Introduction: Sweet Potato & Taro Root Chips
A tasty crispy snack high in fiber, no cholesterol, vegan and vegetarian!
Keep the cost down by making your own healthy, natural chips and no preservatives on this high powered snack; great for Game Day. These can be baked or fried.
Step 1: Prep:
Using a Mandolin or the slicing blade of a food processor. Slice thinly
1 taro root, peeled
2 sweet potatoes or yams
Place on paper towels and blot dry to remove any moisture.
Step 2: Fry or Bake
Fry: Heat oil to 365F or
Drop in one piece of vegetable, if it sizzles like in the 1st picture your oil is ready
in a wok or large deep fryer or saucepot with 3" of vegetable oil.
Using a spider (pic #2) press down the chips, turning when brown on one side.

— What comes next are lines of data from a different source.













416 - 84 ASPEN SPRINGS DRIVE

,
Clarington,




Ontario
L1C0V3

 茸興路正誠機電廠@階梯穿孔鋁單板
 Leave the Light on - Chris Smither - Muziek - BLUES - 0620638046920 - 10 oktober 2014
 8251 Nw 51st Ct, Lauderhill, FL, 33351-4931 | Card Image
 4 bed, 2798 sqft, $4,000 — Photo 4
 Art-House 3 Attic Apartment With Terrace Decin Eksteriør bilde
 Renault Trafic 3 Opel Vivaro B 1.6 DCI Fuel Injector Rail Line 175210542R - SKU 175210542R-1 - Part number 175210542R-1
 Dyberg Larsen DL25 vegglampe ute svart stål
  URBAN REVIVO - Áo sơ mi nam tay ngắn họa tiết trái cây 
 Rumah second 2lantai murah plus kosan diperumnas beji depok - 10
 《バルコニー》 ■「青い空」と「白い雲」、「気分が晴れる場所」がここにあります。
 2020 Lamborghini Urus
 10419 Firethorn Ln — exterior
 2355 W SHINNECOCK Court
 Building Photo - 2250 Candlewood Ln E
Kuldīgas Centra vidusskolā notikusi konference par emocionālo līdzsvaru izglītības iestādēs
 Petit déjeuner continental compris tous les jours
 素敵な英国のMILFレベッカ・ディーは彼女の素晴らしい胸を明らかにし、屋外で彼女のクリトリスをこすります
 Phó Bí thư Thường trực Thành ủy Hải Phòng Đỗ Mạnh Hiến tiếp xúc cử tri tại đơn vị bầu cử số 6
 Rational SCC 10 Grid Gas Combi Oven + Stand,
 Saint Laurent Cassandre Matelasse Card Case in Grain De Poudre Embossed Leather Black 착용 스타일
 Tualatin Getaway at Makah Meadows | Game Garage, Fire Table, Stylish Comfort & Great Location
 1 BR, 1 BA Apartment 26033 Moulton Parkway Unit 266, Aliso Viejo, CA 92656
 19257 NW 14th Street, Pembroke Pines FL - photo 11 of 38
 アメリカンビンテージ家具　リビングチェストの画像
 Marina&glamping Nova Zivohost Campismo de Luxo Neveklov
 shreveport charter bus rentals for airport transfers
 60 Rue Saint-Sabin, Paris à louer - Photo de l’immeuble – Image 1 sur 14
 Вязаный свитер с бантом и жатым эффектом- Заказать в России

Continue to fry until both sides are golden brown. approx. 1-2min.
Drain on paper towels, blotting.
Sprinkle with salt while hot.
Separate each vegetable and place on an oiled parchment lined baking sheet.
Spray or lightly brush tops lightly with oil.
Bake until edges begin to curl on the taro root.
Yams will soften and glisten but not crisp as they have a lot of natural sugar.
Sprinkle lightly with salt immediately when removed from oven.